The South African Students' Movement

At the end of the 1960s, high school students in the Transvaal Province had come together in the African Students' Movement . In 1972 it was renamed the South African Students 'Movement (SASM, roughly: " South African Students' Movement ") to include Coloreds and Indians . The SASM had ties to the Black Consciousness Movement and the underground African National Congress , but remained independent.

In early 1976, many schools across the country were clearly disapproving of the 1: 1 solution. From February 1976 onwards, there were numerous protests. In March, after student protests, police were called to a Soweto high school. The boycott of education that grew out of the protests began in May and spread across the country.

The SASM founded the Soweto Students' Representative Council (SSRC), which was composed of two representatives from all high schools in Soweto. Its president was Tsietsi Mashinini, then 19 . On June 13, 1976, the SSRC decided to march.

procedure

Around 10,000 to 20,000 students formed in the morning under Mashini's leadership on June 16, 1976 for a march through Orlando in Soweto.

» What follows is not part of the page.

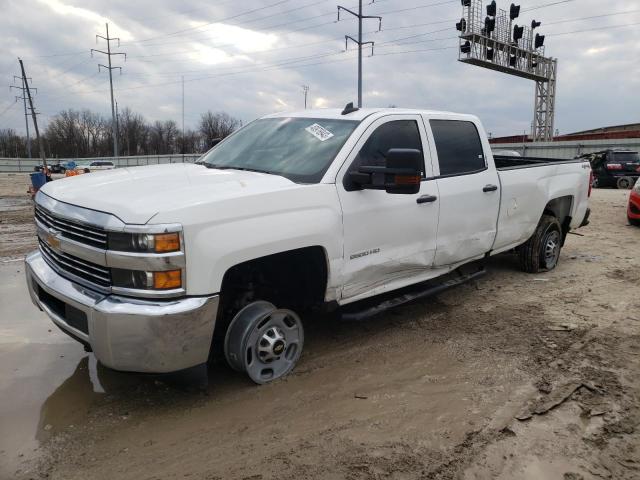 2016 Chevrolet Silverado 2500HD 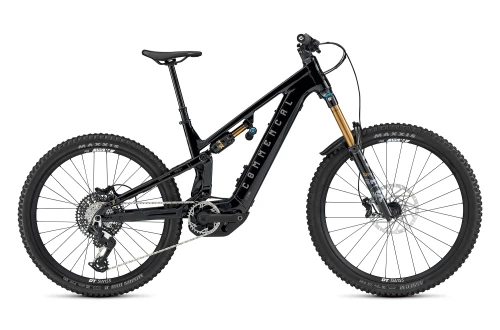 Commencal META POWER SX 800 Signature Pure Black 2026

The South African Police brutally suppressed the demonstration with 48 police officers, including eight whites. Colonel Kleingeld, the commander of the Orlando Police Station, later stated that he had been pelted with stones and therefore fired the first shot. By morning there were two dead and twelve injured. In the course of the morning students and other residents of Soweto attacked numerous whites and their possessions, such as beer halls, because they viewed alcohol as a means of restraining blacks. In the afternoon and again the following day, the police force was increased to up to 1,500 heavily armed men who shot without warning. Numerous children and young people were arrested during raids on schools. By torture , the police tried to find out the leaders of the uprising. The unrest spread to other townships in South Africa and lasted until 1978. There were also strikes by the black population and international protests. According to investigations by the Cillie Commission (see below), 575 people died in the clashes, including 451 as a result of police violence. 3,907 people were injured, 2,389 of them by police officers. According to numerous information, however, the number of victims was higher. 5,980 people were arrested. Around 250,000 people took part in the protests in Soweto alone, which included all four provinces and the homelands.

The first victim of the uprising was the student Hastings Ndlovu. Occasionally, the then 12-year-old Hector Pieterson is incorrectly referred to as the first victim because a photo showing the fatally injured Pieterson became known worldwide. The Hector Pieterson Memorial has stood in Orlando, Soweto since 1992.

consequences

The apartheid government commissioned an investigation into the riots between June 16, 1976 and February 1977. A commission headed by the lawyer Piet Cillie dealt with the subject and recognized the catastrophic living conditions in Soweto and other townships as the underlying basis of such uprisings, which broke out through the pent-up resentment of their residents in the education system. The Cillie Commission submitted its report to the South African Parliament on February 29, 1980 .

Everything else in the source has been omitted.